§ AIM OF THE EXERCISE: Go over the data and keep only the lines that include "Chapter".
[TASK INPUT — start]
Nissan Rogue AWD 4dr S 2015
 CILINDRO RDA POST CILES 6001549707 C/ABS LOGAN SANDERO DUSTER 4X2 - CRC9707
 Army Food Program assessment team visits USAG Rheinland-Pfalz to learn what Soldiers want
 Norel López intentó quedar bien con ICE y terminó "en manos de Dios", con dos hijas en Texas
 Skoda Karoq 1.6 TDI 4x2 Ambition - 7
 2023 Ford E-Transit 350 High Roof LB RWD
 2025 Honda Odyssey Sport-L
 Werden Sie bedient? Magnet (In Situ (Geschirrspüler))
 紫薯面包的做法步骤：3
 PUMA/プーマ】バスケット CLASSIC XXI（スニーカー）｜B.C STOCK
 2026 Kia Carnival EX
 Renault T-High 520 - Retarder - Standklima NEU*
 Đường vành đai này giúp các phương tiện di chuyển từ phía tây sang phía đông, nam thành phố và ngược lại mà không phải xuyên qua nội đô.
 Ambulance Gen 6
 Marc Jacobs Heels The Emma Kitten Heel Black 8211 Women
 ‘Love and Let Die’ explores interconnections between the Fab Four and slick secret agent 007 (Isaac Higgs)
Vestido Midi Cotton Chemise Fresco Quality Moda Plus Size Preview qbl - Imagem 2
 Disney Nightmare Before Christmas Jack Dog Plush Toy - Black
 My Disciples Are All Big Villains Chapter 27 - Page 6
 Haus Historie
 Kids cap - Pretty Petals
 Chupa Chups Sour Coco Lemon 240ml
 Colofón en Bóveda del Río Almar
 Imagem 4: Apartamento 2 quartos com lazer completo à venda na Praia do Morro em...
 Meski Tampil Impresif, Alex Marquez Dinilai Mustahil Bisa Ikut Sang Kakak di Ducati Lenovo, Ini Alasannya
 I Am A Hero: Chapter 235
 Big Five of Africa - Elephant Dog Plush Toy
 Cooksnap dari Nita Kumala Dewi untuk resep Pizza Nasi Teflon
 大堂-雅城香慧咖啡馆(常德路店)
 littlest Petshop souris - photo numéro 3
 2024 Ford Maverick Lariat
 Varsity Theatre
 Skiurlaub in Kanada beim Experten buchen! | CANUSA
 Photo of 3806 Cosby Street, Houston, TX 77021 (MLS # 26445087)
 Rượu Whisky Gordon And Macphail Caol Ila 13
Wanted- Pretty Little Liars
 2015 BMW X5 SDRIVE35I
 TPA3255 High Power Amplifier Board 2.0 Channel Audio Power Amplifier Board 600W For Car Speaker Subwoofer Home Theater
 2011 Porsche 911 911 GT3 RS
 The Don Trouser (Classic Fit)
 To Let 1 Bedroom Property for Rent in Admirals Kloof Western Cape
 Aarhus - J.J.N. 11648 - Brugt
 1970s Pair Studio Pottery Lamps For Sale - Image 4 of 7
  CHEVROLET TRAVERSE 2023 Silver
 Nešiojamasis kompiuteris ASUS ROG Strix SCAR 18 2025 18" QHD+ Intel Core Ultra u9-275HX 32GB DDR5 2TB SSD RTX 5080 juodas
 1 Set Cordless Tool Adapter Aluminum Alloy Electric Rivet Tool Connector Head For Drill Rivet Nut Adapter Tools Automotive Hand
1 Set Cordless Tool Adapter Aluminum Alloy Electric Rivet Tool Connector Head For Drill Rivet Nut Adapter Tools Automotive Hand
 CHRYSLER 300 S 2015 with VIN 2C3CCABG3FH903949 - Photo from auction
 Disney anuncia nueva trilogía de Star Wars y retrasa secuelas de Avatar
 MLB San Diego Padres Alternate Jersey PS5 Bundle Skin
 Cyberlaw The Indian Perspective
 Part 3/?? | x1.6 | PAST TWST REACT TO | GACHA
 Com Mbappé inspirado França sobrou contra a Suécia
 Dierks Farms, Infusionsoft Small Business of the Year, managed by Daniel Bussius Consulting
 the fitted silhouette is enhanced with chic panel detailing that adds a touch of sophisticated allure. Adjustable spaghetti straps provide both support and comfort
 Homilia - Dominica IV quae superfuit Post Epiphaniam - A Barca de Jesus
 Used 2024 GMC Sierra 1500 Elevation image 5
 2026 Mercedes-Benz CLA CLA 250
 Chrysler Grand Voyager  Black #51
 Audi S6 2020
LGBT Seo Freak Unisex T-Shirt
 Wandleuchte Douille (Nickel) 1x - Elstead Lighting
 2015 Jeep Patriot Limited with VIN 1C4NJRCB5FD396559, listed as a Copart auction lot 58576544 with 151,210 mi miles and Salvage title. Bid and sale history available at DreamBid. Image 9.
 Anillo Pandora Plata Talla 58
[TASK INPUT — finish]
§ SOLUTION:
 My Disciples Are All Big Villains Chapter 27 - Page 6
 I Am A Hero: Chapter 235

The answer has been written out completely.